This situation has been going on since 2020 when Deep Water Recovery set up shop on the shoreline of Union Bay next to a residential area. This has caused consternation in communities on both sides of the Sound. The province’s Environment Ministry has sent out a series of warning letters, the K’ómoks First Nation has registered their opposition and the regional government initiated a court case. But shipbreaking continues.
Earlier this year the British Columbia’s Environmental Review Board issued fines totally $46,150 to Deep Water Recovery. In reported that on seven dates that the provincial ministry tested in 2023 and 2024, the operation “caused or allowed waste to be introduced to the environment,” and subsequently failed to cease the release of that discharge. This discharge included copper, lead, and zinc levels thousands of percentage points over BC’s Water Quality Guidelines. The next stage of enforcement is unclear but you can read more about the case here.

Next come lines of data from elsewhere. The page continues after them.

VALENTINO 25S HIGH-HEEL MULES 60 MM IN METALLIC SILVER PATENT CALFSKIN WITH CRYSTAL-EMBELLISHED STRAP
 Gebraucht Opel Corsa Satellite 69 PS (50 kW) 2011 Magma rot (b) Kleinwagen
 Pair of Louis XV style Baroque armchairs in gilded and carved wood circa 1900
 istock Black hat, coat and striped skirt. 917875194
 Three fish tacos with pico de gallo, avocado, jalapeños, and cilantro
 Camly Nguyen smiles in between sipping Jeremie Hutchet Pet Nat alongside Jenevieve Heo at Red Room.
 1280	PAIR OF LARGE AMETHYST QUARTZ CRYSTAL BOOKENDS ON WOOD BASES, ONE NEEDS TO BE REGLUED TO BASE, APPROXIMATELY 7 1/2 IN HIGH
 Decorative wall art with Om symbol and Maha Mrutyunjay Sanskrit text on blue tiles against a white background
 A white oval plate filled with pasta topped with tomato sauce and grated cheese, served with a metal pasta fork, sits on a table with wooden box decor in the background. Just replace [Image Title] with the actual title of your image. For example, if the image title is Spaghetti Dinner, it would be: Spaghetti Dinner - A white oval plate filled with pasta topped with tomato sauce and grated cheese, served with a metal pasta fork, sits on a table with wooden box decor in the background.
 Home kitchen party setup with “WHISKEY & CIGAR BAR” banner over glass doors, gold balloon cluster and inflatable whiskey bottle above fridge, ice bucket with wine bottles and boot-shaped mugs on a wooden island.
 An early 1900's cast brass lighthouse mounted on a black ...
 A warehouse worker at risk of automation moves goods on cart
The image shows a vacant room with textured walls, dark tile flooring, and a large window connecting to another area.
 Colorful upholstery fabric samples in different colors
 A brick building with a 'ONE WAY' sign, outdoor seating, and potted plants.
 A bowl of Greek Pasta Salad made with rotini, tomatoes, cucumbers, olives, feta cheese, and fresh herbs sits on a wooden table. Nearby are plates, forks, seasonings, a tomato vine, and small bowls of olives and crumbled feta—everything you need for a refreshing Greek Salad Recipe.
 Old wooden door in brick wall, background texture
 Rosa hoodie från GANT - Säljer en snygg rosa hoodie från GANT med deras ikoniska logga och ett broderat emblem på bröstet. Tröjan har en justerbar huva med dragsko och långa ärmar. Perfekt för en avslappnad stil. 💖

Local MLA and BC Health Minister Jodie Osborne has convened a table of representatives from K’ómoks First Nation as well as federal, provincial and regional governments to address this issue and the outdated system that enabled the situation to develop in the first place. So far, that has not resulted in any changes in policy or regulation.
Deep Water Recovery argues that the levels are from the time when the area produced and shipped coal.
Identifying jurisdictional and regulatory gaps is part of our work at the Baynes Sound/Lambert Channel EcoForum. The November 2024, EcoForum meeting looked at shipbreaking as a case study for the silos and weak enforcement that plague this important body of water.